Her profile pinched in pain.
“Therefore, I concluded a stranger scorched a path out the back door of the White Hart yesterday, not the Scotswoman I’ve come to know.”
Her forehead touched the door. “Mr. Sloane, I am poison to you.”
“I will be the judge of that.”
“What a fool you are.” She looked at him, agony haunting her eyes. “Continuing our connection puts you in peril.”
“Why? Does Jenny mean to gut me?”
His jest fell flat.
“She’s not here. I sent a note warning her off.” She turned the key. “Jenny had the good sense to listen to me.”
The door gave way and he followed her inside. Plain white paper covered the entry walls except for a garden tableau at the center. Vibrant blue birds matched a chipped Bristol blue vase on a table beneath it. He put his tricorn and her straw hat beside it.

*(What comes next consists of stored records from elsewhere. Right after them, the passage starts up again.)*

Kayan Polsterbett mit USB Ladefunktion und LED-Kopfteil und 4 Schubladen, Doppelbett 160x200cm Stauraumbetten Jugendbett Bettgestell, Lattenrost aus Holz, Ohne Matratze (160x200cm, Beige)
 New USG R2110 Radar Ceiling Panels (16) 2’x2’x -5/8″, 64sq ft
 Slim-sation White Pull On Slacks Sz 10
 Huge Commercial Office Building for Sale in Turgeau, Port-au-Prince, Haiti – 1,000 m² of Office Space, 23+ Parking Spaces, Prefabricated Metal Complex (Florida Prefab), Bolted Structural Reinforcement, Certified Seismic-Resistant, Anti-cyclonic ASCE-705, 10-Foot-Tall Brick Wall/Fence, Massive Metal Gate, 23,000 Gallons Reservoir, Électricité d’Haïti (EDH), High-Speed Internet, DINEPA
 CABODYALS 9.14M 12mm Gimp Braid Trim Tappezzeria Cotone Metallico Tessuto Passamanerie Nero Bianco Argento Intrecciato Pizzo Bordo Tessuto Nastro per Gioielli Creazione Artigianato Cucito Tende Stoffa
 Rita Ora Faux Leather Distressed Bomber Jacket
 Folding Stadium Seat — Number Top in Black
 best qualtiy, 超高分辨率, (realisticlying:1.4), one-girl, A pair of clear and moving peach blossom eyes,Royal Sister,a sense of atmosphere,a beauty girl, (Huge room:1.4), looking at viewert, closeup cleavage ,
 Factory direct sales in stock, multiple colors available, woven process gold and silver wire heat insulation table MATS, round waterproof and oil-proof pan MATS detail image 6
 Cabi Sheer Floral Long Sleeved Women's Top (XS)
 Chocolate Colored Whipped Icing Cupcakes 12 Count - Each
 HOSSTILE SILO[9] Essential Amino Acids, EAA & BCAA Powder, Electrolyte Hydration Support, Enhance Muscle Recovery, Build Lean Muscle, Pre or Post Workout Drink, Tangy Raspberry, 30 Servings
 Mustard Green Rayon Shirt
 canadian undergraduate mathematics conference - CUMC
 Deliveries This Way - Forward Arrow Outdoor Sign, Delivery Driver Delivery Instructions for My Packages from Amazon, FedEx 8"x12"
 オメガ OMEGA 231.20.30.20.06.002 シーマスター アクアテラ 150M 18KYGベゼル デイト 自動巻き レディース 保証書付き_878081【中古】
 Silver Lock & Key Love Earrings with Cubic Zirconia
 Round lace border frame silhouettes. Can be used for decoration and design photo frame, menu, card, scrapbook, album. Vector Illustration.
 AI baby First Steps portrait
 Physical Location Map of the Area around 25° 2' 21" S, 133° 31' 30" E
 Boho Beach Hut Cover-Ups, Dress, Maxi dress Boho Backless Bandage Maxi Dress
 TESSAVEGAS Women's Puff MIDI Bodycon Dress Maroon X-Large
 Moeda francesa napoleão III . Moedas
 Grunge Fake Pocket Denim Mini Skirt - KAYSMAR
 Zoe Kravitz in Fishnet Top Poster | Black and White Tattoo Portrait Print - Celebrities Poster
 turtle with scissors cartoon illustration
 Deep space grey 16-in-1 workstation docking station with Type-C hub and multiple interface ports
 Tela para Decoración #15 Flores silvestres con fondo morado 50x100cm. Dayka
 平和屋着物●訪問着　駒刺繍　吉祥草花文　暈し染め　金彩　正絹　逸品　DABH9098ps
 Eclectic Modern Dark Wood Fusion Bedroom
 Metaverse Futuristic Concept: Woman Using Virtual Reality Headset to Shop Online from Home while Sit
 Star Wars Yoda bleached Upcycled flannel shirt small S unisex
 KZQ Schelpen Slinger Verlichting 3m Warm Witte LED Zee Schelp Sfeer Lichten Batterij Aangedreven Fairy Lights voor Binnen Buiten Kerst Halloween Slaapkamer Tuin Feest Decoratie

“Are you going to tell me about the man in black?”
Miss MacDonald barred the door. “His name is Mr. Wortley, a cutthroat for hire.”
“Who hired him?”
Light wavered in her eyes. As a barrister, he’d seen the same expression on the faces of those he defended—people deciding how much to tell. Theirony branded him. Truth was light and freeing, while lies and half-truths crushed one’s soul. The once vibrant goddess of Swan Lane was painfully subdued.